*** Recorded information Section Begins ***
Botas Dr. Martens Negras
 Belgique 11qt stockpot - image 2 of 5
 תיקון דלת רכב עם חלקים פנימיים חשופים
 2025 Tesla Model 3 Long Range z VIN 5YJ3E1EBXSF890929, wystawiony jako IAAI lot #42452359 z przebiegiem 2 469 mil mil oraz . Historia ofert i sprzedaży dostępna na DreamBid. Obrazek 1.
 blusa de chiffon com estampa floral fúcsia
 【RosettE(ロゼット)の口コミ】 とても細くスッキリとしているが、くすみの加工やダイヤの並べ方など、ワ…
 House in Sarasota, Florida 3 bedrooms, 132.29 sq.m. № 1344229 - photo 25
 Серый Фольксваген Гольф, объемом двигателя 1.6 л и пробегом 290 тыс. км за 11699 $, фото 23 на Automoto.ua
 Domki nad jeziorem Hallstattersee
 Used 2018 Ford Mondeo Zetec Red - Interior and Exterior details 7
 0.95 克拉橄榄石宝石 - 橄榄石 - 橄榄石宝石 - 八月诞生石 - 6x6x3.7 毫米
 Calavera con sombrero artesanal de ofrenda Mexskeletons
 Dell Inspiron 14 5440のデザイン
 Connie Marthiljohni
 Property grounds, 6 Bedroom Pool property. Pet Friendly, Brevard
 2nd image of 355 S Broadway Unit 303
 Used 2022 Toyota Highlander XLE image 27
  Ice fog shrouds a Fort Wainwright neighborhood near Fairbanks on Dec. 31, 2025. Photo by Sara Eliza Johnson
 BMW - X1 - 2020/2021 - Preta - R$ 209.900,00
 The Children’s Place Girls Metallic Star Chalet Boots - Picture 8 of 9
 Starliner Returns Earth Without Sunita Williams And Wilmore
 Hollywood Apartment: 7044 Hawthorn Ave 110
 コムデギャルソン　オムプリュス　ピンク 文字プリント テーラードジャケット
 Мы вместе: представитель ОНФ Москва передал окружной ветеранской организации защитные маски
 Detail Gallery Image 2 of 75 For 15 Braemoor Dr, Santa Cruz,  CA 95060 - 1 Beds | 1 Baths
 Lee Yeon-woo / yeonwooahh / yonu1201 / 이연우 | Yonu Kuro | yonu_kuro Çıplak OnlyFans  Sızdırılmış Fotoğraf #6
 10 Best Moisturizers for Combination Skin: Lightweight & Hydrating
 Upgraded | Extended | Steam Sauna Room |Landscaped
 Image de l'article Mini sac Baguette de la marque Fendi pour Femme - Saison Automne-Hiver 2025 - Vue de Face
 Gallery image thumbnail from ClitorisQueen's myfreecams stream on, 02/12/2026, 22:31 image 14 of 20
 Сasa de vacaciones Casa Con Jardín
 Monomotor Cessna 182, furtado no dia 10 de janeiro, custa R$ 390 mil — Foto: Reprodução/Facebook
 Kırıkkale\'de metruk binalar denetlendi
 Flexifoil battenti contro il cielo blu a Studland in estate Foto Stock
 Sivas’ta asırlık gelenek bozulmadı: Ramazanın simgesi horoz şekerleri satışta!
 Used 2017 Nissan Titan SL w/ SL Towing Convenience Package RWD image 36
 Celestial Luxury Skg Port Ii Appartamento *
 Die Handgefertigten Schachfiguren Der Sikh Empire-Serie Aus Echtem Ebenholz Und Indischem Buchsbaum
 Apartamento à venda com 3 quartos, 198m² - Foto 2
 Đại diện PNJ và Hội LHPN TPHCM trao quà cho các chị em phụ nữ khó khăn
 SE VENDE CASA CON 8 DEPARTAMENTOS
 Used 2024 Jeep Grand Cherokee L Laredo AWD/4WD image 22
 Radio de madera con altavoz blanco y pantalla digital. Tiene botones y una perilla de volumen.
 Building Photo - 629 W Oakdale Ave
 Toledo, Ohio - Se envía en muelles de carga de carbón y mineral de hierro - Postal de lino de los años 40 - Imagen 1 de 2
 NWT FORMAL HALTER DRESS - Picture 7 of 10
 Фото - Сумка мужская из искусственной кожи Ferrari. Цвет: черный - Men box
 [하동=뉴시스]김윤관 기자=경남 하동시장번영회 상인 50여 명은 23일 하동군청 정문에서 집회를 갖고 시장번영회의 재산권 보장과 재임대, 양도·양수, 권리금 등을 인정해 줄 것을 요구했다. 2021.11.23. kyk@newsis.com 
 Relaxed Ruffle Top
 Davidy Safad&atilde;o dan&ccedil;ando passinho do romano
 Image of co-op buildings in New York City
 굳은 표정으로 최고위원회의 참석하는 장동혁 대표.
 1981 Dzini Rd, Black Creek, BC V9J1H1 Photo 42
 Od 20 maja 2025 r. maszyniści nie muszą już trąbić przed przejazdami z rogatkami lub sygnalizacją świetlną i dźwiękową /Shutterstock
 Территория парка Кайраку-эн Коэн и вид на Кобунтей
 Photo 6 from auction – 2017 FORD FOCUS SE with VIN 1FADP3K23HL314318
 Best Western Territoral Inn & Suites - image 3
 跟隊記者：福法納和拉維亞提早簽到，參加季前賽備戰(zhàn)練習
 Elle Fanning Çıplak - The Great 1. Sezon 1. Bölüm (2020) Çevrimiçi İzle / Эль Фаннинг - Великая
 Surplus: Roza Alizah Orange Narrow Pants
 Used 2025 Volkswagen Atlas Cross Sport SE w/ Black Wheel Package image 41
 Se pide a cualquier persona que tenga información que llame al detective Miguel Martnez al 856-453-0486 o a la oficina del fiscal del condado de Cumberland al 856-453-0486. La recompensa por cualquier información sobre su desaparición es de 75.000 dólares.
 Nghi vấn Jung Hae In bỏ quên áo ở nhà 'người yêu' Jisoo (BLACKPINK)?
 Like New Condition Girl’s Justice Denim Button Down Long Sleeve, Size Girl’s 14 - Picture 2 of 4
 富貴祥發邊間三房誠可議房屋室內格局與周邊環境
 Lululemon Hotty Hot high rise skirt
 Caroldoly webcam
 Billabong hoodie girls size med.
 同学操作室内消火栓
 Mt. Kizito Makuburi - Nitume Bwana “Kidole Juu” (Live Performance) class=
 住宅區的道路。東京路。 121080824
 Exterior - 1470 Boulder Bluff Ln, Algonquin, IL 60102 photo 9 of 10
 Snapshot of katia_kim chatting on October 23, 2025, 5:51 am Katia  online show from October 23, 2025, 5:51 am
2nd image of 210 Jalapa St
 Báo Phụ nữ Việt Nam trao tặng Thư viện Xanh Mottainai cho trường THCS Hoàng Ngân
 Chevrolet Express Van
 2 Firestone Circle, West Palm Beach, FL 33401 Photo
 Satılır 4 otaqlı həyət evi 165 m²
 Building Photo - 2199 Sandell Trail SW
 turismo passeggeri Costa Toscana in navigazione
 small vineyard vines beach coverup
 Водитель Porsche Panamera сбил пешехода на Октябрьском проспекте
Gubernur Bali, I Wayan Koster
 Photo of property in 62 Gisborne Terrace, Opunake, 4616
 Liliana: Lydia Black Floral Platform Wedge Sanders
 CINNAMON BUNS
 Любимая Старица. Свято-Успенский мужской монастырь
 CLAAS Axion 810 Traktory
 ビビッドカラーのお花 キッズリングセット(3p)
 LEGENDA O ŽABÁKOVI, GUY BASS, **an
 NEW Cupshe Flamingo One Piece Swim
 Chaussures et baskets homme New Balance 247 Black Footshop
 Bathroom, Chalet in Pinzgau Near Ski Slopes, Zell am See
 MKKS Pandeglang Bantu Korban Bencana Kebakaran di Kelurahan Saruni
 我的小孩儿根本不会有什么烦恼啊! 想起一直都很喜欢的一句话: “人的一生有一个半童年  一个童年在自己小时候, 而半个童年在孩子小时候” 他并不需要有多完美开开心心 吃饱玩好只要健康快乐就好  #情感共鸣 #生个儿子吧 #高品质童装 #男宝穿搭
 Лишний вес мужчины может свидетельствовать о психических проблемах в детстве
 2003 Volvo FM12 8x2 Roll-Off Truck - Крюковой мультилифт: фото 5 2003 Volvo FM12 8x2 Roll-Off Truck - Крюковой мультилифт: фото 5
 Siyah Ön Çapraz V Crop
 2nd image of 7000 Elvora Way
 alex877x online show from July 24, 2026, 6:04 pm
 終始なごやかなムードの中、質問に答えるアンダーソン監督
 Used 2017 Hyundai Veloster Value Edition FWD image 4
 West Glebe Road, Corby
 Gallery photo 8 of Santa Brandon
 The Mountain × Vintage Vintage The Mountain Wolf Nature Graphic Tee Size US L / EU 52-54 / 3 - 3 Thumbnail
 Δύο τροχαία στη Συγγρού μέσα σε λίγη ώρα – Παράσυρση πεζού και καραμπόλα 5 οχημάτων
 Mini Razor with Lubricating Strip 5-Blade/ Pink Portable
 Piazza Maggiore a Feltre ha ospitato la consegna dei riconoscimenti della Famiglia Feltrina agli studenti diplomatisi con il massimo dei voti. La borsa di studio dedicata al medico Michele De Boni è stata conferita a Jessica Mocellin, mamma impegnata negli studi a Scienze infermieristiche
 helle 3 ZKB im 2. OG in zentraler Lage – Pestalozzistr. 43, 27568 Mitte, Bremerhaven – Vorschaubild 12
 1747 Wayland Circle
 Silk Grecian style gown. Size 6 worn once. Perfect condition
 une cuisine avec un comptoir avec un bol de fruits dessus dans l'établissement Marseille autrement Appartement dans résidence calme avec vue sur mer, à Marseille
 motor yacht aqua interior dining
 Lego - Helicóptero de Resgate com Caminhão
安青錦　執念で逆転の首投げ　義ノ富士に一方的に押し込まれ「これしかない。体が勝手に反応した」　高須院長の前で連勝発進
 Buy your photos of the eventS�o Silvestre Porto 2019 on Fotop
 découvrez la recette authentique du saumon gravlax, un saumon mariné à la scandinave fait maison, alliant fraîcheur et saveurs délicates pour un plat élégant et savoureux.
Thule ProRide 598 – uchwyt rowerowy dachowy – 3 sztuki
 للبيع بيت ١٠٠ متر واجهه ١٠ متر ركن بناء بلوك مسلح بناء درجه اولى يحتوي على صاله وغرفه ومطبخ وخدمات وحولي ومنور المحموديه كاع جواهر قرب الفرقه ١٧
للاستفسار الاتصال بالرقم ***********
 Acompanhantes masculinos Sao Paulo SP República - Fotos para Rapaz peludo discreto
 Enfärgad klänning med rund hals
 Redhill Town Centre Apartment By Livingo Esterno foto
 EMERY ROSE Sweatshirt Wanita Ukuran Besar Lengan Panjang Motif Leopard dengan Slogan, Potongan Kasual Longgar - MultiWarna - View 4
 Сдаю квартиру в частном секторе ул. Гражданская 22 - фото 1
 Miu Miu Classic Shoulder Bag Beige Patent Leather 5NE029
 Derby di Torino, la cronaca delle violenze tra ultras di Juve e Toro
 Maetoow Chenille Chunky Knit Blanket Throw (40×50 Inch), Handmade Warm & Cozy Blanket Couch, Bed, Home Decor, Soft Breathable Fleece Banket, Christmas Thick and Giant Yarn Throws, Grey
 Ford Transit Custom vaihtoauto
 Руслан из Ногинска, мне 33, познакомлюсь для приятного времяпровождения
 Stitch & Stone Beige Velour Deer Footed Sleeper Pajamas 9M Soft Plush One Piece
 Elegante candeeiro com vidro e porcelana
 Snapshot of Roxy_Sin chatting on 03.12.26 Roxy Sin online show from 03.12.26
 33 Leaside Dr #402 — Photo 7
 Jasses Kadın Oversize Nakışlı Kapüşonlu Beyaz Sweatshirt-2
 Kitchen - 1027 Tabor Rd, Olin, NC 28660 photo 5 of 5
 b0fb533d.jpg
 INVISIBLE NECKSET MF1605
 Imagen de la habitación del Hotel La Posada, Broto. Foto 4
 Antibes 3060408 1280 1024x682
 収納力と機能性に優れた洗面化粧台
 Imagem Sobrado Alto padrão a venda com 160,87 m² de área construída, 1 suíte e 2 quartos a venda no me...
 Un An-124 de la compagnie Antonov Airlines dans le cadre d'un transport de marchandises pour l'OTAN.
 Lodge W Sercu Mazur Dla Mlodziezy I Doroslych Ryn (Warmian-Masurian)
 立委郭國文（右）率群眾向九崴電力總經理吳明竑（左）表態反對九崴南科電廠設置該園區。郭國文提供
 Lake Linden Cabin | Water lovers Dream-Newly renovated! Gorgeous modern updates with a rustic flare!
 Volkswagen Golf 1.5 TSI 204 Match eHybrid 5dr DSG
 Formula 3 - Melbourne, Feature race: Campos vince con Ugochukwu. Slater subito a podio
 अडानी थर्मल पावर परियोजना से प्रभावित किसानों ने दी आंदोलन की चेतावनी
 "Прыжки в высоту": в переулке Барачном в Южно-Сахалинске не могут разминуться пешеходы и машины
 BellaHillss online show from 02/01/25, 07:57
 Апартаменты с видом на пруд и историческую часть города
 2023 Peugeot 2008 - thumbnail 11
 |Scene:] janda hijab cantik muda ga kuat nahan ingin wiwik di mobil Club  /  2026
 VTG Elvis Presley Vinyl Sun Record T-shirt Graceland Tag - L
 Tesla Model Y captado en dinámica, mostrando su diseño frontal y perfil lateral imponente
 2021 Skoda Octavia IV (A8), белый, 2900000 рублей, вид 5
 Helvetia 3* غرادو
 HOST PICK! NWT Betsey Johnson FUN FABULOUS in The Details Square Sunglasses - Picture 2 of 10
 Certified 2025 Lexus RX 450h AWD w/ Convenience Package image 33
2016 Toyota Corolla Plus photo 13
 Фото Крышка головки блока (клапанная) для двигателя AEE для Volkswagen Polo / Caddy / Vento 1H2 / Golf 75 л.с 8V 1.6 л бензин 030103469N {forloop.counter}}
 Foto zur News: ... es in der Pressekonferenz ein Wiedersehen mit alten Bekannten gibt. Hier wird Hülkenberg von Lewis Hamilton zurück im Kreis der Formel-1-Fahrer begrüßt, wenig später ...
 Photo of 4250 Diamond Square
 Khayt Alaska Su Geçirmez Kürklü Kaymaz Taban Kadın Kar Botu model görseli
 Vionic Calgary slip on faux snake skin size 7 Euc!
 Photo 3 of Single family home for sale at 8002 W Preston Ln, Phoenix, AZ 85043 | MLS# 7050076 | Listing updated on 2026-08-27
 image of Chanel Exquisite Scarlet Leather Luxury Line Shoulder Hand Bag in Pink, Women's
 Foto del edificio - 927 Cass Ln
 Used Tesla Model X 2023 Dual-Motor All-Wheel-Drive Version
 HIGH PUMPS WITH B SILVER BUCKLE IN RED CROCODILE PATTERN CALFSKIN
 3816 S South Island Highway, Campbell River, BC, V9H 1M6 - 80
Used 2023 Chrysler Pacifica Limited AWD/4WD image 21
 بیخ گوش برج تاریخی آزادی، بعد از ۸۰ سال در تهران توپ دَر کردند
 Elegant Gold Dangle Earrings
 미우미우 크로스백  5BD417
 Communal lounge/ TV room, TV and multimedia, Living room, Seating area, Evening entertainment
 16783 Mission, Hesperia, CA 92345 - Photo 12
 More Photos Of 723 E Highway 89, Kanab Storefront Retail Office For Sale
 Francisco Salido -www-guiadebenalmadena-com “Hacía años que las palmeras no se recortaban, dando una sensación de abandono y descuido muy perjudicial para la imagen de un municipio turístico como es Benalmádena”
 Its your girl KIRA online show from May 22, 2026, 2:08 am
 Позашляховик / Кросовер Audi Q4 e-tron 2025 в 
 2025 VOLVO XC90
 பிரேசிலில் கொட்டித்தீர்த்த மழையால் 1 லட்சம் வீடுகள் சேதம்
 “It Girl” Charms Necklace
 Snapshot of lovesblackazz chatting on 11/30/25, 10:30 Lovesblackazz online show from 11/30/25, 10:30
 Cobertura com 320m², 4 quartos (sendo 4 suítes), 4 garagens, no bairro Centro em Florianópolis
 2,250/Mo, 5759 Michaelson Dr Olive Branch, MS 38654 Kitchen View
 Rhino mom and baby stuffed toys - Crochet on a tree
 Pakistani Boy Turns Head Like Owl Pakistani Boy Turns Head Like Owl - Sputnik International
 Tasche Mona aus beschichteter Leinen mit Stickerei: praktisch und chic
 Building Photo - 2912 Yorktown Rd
*** Recorded information Section Ends ***
Exercise aim:
Print again the lines of the entries above that fall between the line holding "Фото - Сумка" and the line holding "1981 Dzini Rd, Black", inclusive, exactly as they stand.

Your response:
 Фото - Сумка мужская из искусственной кожи Ferrari. Цвет: черный - Men box
 [하동=뉴시스]김윤관 기자=경남 하동시장번영회 상인 50여 명은 23일 하동군청 정문에서 집회를 갖고 시장번영회의 재산권 보장과 재임대, 양도·양수, 권리금 등을 인정해 줄 것을 요구했다. 2021.11.23. kyk@newsis.com 
 Relaxed Ruffle Top
 Davidy Safad&atilde;o dan&ccedil;ando passinho do romano
 Image of co-op buildings in New York City
 굳은 표정으로 최고위원회의 참석하는 장동혁 대표.
 1981 Dzini Rd, Black Creek, BC V9J1H1 Photo 42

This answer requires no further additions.